You may have heard of the Pareto principle [also known as the 80-20 rule]: it says that for many phenomena, 80 per cent of the effect arises from 20 per cent of the causes. Even your small investment mistakes too have that impact on your overall finances. My promise to you is that if you take care of the five points discussed below, a good deal of your financial planning related problems will get taken care of.
No written plan or strategy
The first thing you need is to prepare a written financial plan to give concreteness to your plans and ensure that you don’t deviate from the course.
Since most individual investors lack the knowledge for preparing a detailed plan, it is best to approach a trained financial planner to get this work done. The financial planner will ask you to fill up a detailed questionnaire to gauge your risk appetite, your current financial situation and your goals among other things. It is on the basis of this information that the plan is prepared. When your plan is unclear, you end up investing wrong. If your portfolio of wrong investments is big and a lot of time has gone by, undoing these mistakes becomes costly and difficult.
A correlated mistake is to buy the flavour-of-the-day product. When the equity markets are doing well, the launch of NFOs [new fund offers], sector funds, and IPOs [initial public offerings] becomes frequent. The investor is lured into buying these high-risk products that he can well do without. Then the bull run ends, the value of these investments crashes, and the investor regrets his impulsive purchases.
So, get a basic portfolio in place with a select number of correct products and then stay the course.
Wrong insurance policies
I come across numerous portfolios where the bulk of a person’s investments are in insurance-cum-investment products, such as ULIPS [unit-linked insurance plans], moneyback and endowment plans. This creates problems. The first problem is that investing in insurance-cum-investment plans leaves us inadequately insured despite paying a high annual premium. The second problem is that these products are costly and affect final returns. Some products have high surrender charges in the initial years, which makes opting out of them difficult even if we are dissatisfied with them.
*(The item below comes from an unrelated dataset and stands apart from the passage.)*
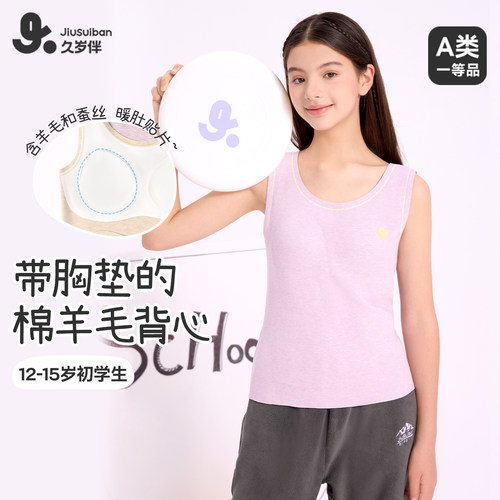 久岁伴女童二阶段秋冬背心式文胸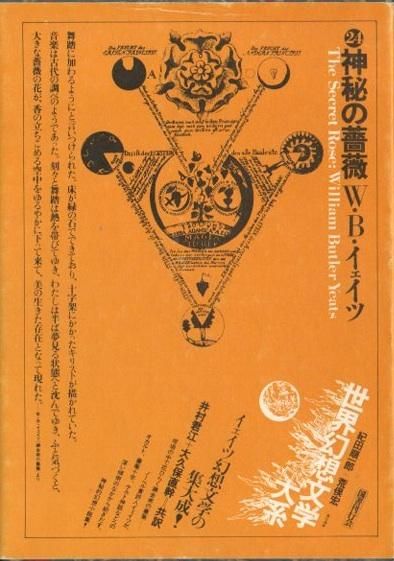 鯡ʸϡ24W.B.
To avoid these troubles, buy a term plan from an insurance company for adequate insurance cover and use mutual funds to meet your investment goals. As said, get adequate insurance. The sum assured of the term plan must be sufficient to replace the breadwinner’s income in case of an eventuality. To determine the right sum assured, most people follow the rule of thumb: sum assured equal to 10 times annual salary.
Also, most working couples depend just on employer-sponsored health plans. But what if you fall ill between jobs? This is not as uncommon as you might think. When Lance Armstrong, bicycling champion and seven time winner of the Tour de France, was diagnosed with cancer, he was in the midst of changing his team [sponsor] and was without an insurance cover. Besides, getting health insurance is difficult once you cross late 40s.
Not enough kept aside
A number of double-income couples who, despite earning well, don’t save enough. Many live for the day, splurging on whatever catches their fancy. Worse still, some even rake up personal loans and large credit card debt.
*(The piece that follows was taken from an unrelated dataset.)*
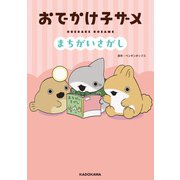 おでかけ子ザメ まちがいさがし（KADOKAWA） [電子書籍]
Pay off all high-cost debts. Only car loans and home loans are permissible as they help create an asset. Next, invest at least 30 – 35 per cent of your gross monthly salary.
Establish a contingency fund. This must equal at least six months of your household expenditure [including insurance premiums, tuition fees and other big bills that come up from time to time]. Put this money in a bank deposit or a liquid fund where it can be reached quickly in an emergency.
Improper asset allocation
Most investors don’t give adequate thought to asset allocation [how much they will allocate to equity, debt and gold]. But this is perhaps the most significant decision you will take in your entire financial life. Studies show that more than 90 per cent of the final outcome [the corpus you accumulate] depends on your asset allocation.
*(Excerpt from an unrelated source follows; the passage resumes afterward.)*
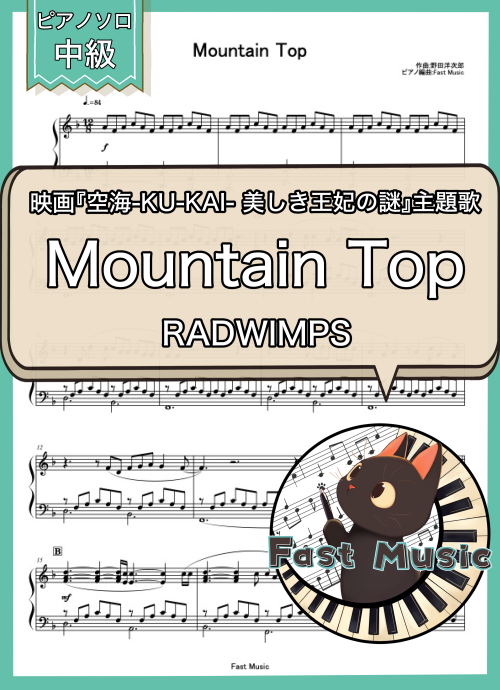 RADWIMPS「Mountain Top」ピアノソロ楽譜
Your asset allocation should be a function of your risk appetite and your investment horizon. In your retirement portfolio, it’s okay to have a high percentage of equities because it is 15 – 20 years away. The same goes for children’s education portfolio [where you have 15 years or more]. When you are three years away from your goal, start reducing your equity exposure and hiking the debt exposure so that a last-minute crash in the equity markets does not deprive you from achieving your goal. Also, many people end up investing heavily in real estate. Too much real estate restricts liquidity since disposing it at short notice is difficult.
No legal will
Many high net worth individuals are guilty of this mistake. Some even keep financial secrets from their spouses. So if something happens to them, their spouses often don’t even know the ATM password to access the money in the savings account. No one in the family knows where the person has invested the money, and where the relevant financial documents have been kept. Absence of a will also leads to litigation among inheritors.
So, prepare a will even if you are in fine health to ensure a smooth handover of assets. Also, prepare a detailed document that lists your investments, how to access them and the passwords. Also mention the key payments to be made during the year. Inform your spouse where you have kept this document. Further, when investing, name the nominee with due thought and care.